Christmas in Connecticut – Barbara Stanwyck, SZ Sakall, Reginald Gardiner, Sydney Greenstreet and Robert Shayne, who played Inspector Henderson on Superman – how can you go wrong? Oh, and the premise is funny, too.


Christmas Story, A – Gotta watch this at least once each year. But sometimes we just put on Turner when they’re running it 24 hours and catch bits and pieces here and there.

Comfort and Joy

Cover Up

Die Hard – There’s an argument as to whether or not this is actually a Christmas movie, but since they play Let It Snow that’s good enough for me.

Four Christmases

Holiday Affair – Robert Mitchum, Janet Leigh.

Holiday Inn – The movie that introduced White Christmas. That’s enough.

Holiday, The



Home Alone

It Happened on Fifth Avenue

It’s a Wonderful Life – It’s got Gloria Grahame, if no other reason that would get it included. But it’s good on all those other levels too.

LA Confidential – You know, Bloody Christmas, thus a Christmas movie.


Lady in the Lake

Love Actually – I figured I’d get shot if I didn’t include this. But, hey, I do like it.

Meet Me in St. Louis 

Miracle on 34th Street – The original, of course. My favorite Christmas movie because it proves that Santa Claus is for real. What more do you want?


Remember the Night – Barbara Stanwyck and Fred MacMurray pre their Double Indemnity teaming. Hard not to like anything with Stanwyck. And written by the great Preston Sturges. I really like this one.

Santa Claus Conquers the Martians – Amy has fond memories of this from when she was a kid. Go figure kids’ tastes... If you like cheesy sleazy with terrific production values (is my nose growing?) this is the movie for you. And let’s not forget it was Pia Zadora’s debut as Girmar.

Scrooged

Shop Around the Corner, The – A charming, wonderful movie. I even like the remake, You’ve Got Mail, but not so much the musical version, In the Good Old Summertime.


White Christmas

And every Hallmark holiday movie ever made… ;-)  (Actually, I’ve never seen any, but I understand they’re very popular.)

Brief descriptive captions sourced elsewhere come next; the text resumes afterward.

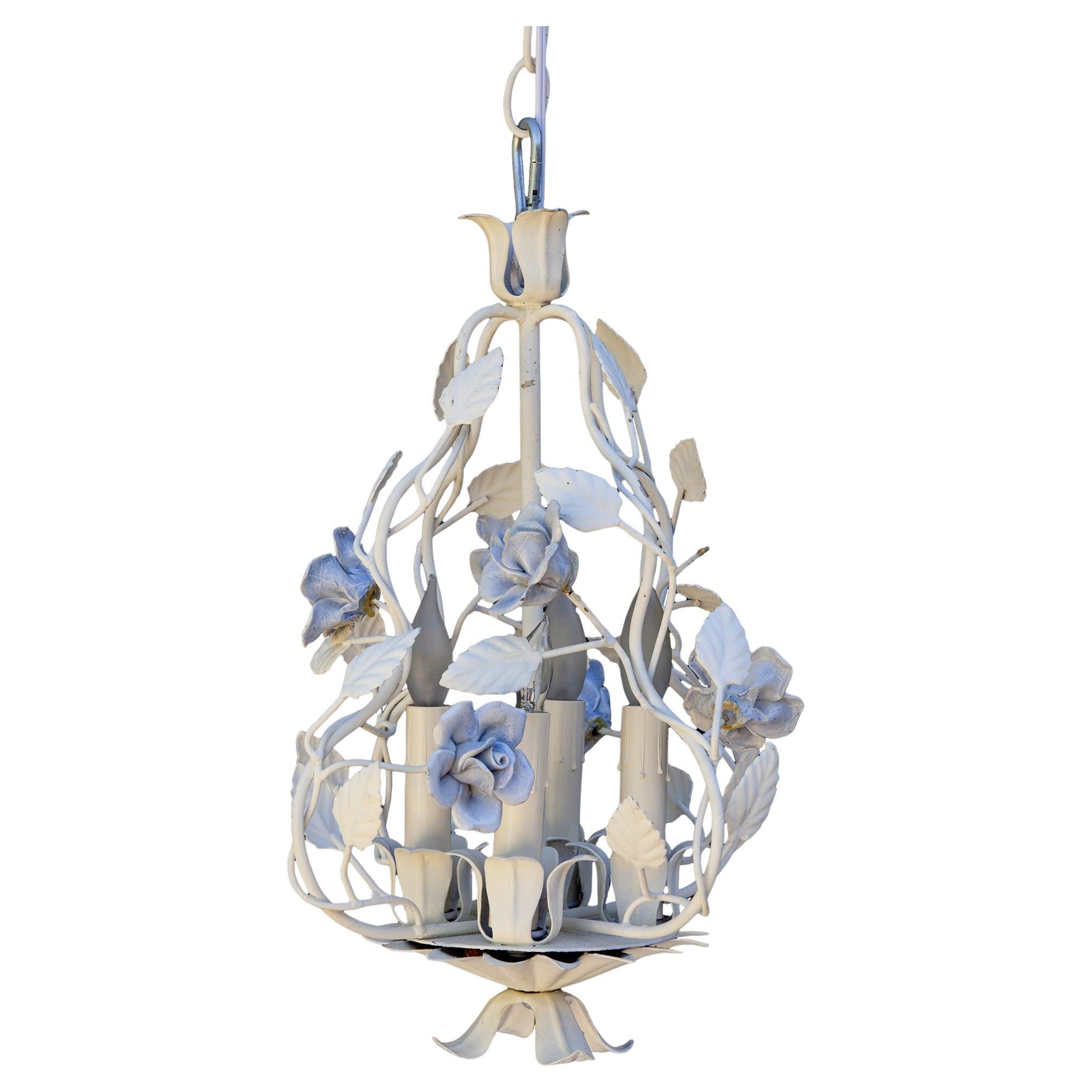 Chanelier floreale in metallo e ceramica in vendita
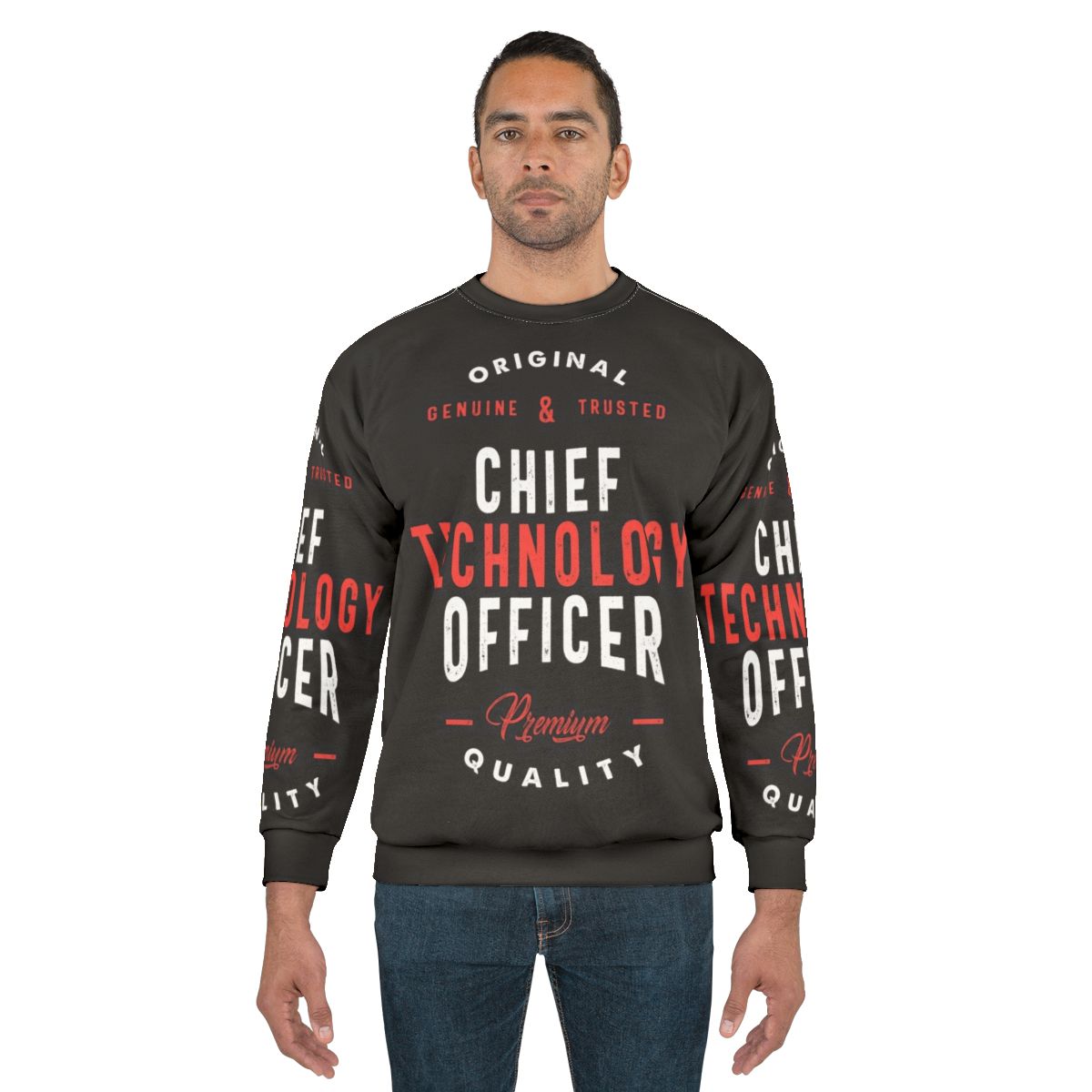 Chief Technology Officer wearing a sweatshirt with "CTO" text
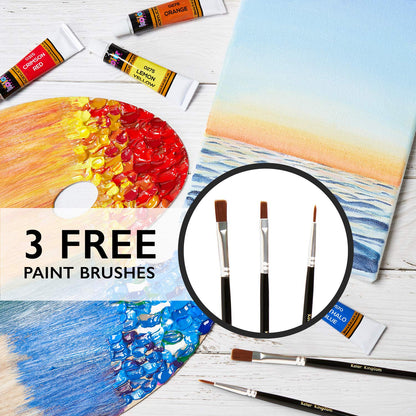 Acrylic Paint Set Canvas Art Paints 24 Colors Perfect Paint Finish (0.41oz,12 ml) With 3 Brushes - Painting Canvas, Paper, Wood, Rock, MDF, Ceramic & Fabric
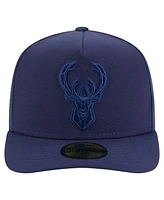 New Era Men's Navy Milwaukee Bucks Colorpack A-Frame Pinch Front 59FIFTY Fitted Hat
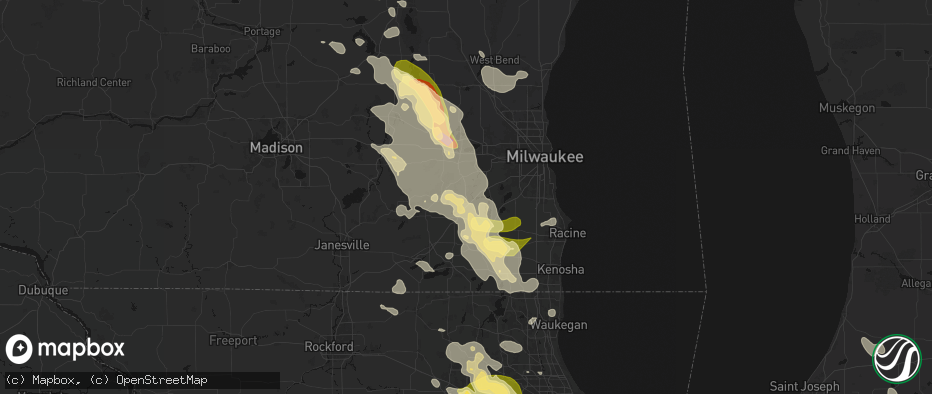 Hail map in Mukwonago, WI on July 27, 2026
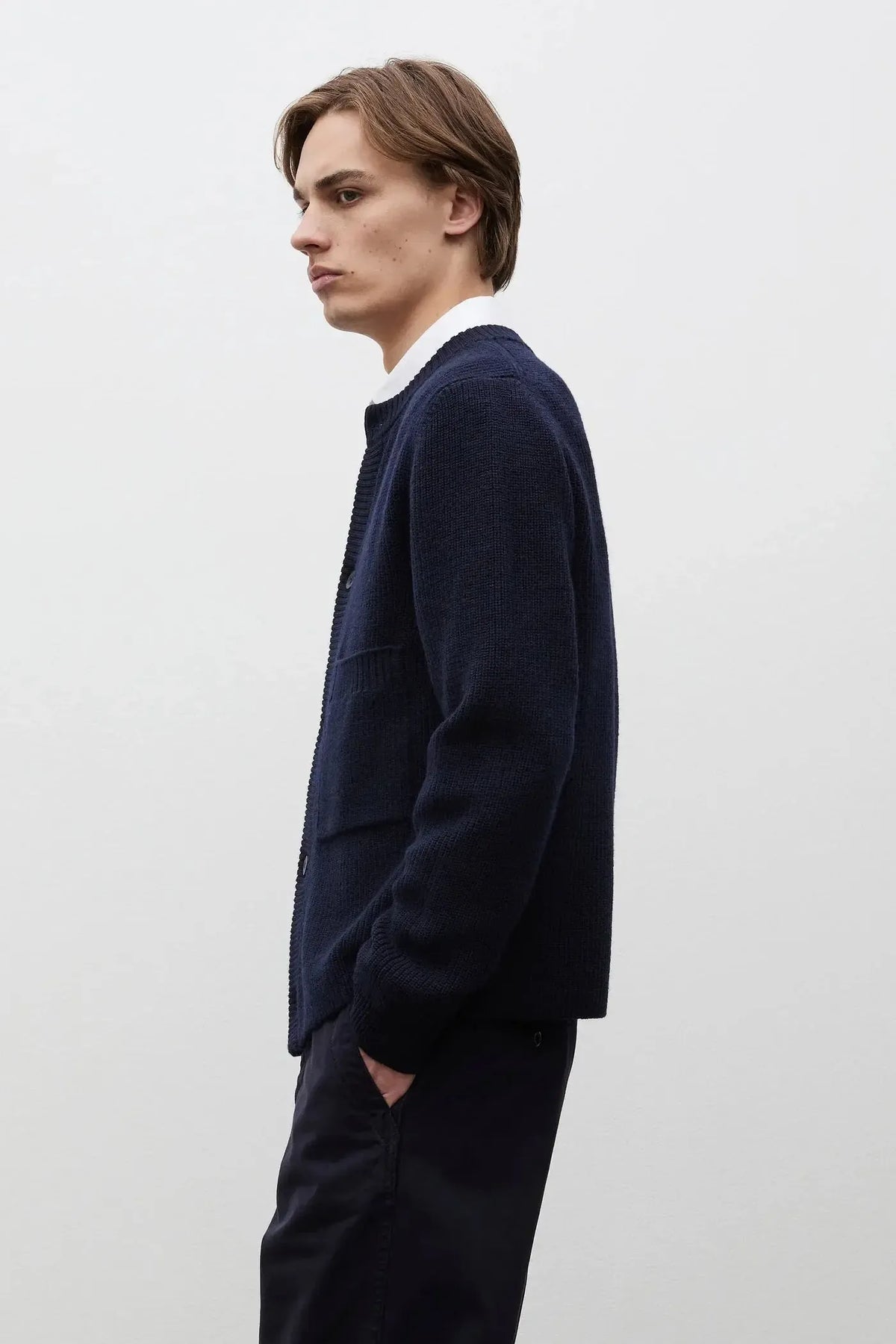 Gullverket Cotton Wool Rib Cardigan - Dark Navy-Norse Projects-W2 Store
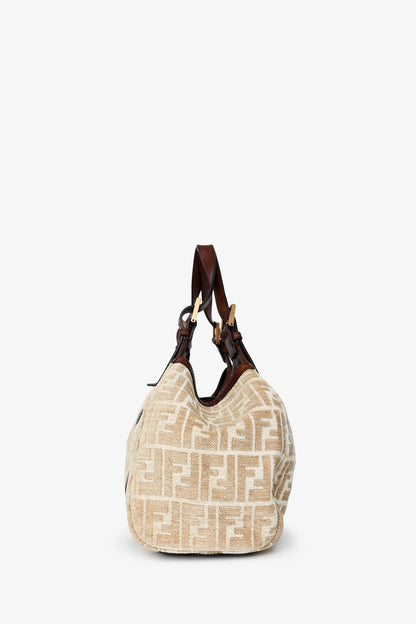 Fendi Beige/Brown Velvet/Leather Zucca Baguette Hobo Bag Rovelle Bags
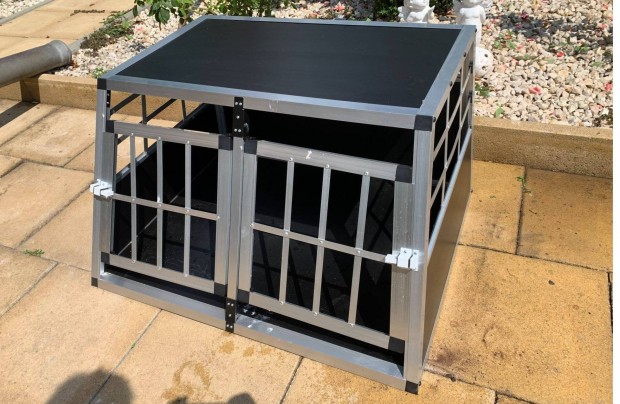 ALU Kutyaszállító Box Kutyabox Kutyaketrec Dogbox XL 2 ajtós Újszerű!
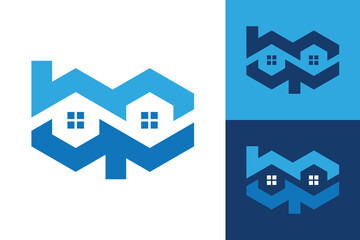 The image shows a flat logo design of an initial letter bp in two house shape color that looks clean and sharp on a white background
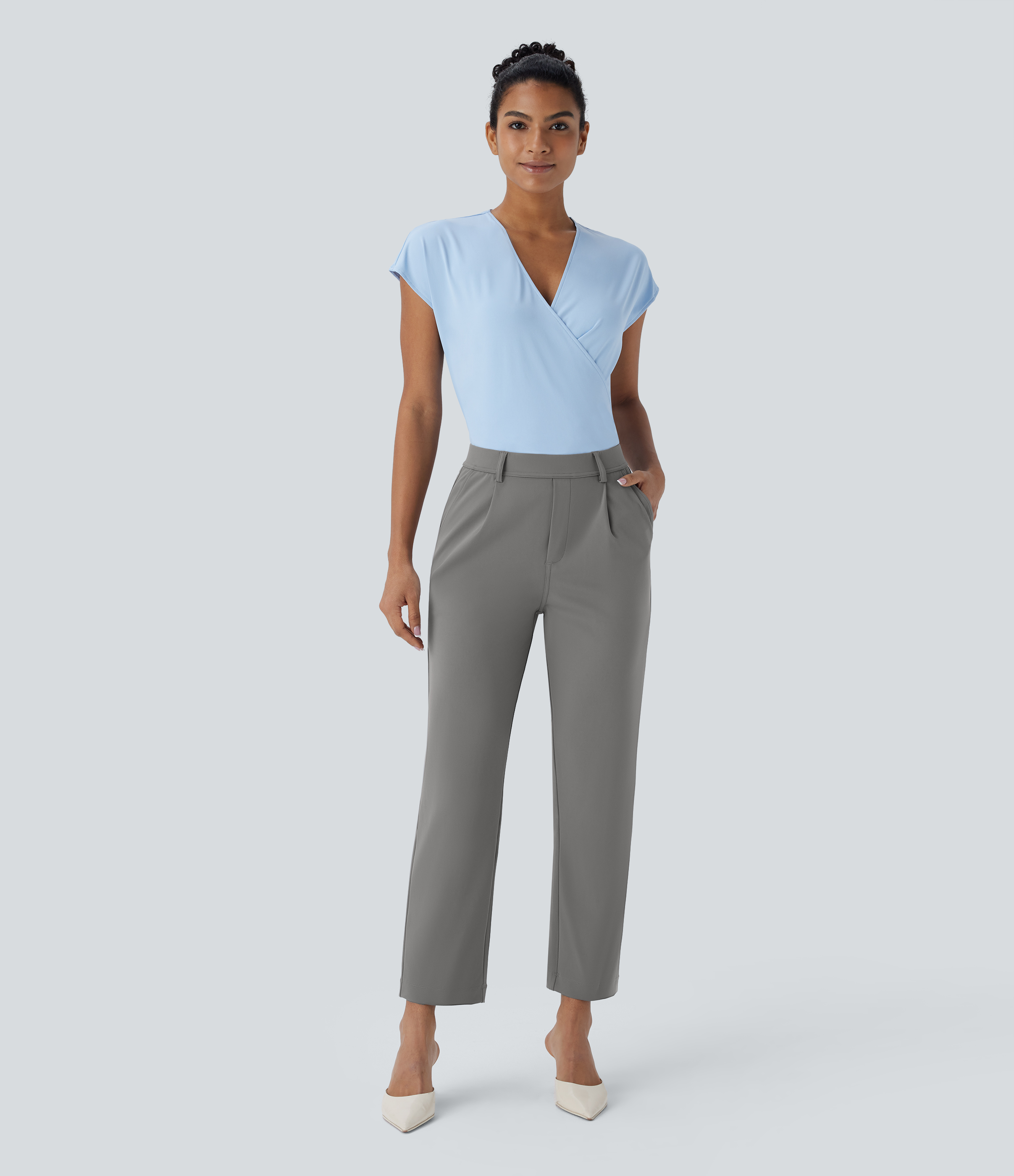 Halara Flex™ DayStretch - Schmal zulaufende, knöchellange Arbeits-Hose mit hohem Bund und Seitentasche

And here’s Janet Rudolph’s lists of Christmas Crime Fiction:

A-E
https://mysteryreadersinc.blogspot.com/2018/12/christmas-crime-fiction-authors-e.html


F-L
https://mysteryreadersinc.blogspot.com/2018/12/christmas-crime-fiction-authors-f-l.html


M-Z
https://mysteryreadersinc.blogspot.com/2018/12/christmas-mysteries-authors-m-z.html


CHRISTMAS MYSTERY SHORT STORY ANTHOLOGIES & NOVELLAS
https://mysteryreadersinc.blogspot.com/2018/12/christmas-mystery-short-stories.html


Thank you, Janet.

~.~.~.~




And now for the usual BSP:

I’m thrilled by the great reviews that Broken Windows has been receiving. Here’s a small sampling:

Betty Webb, Mystery Scene Magazine:  "Broken Windows is extraordinary."

Kristin Centorcelli, Criminal Element:  "Although it’s set in 1994, it’s eerie how timely this story is. There’s an undeniable feeling of unease that threads through the narrative, which virtually oozes with the grit, glitz, and attitude of L.A. in the ‘90s. I’m an ecstatic new fan of Duke’s."

"Duke and company practically beg for their own TV show."

John Dwaine McKenna, Mysterious Book Report:  "This electrifying novel will jolt your sensibilities, stir your conscience and give every reader plenty of ammunition for the next mixed group where the I [immigration] -word is spoken!"



And I’m honored and thrilled – more than I can say – that my story Windward appears in The Best American Mystery Stories of 2018, edited by Louise Penny and Otto Penzler I wrote a blog on that on SleuthSayers if you want to check it out: https://www.sleuthsayers.org/2018/10/the-impossible-dream.html

I’m doubly thrilled to say that Windward won the 2018 Macavity Award.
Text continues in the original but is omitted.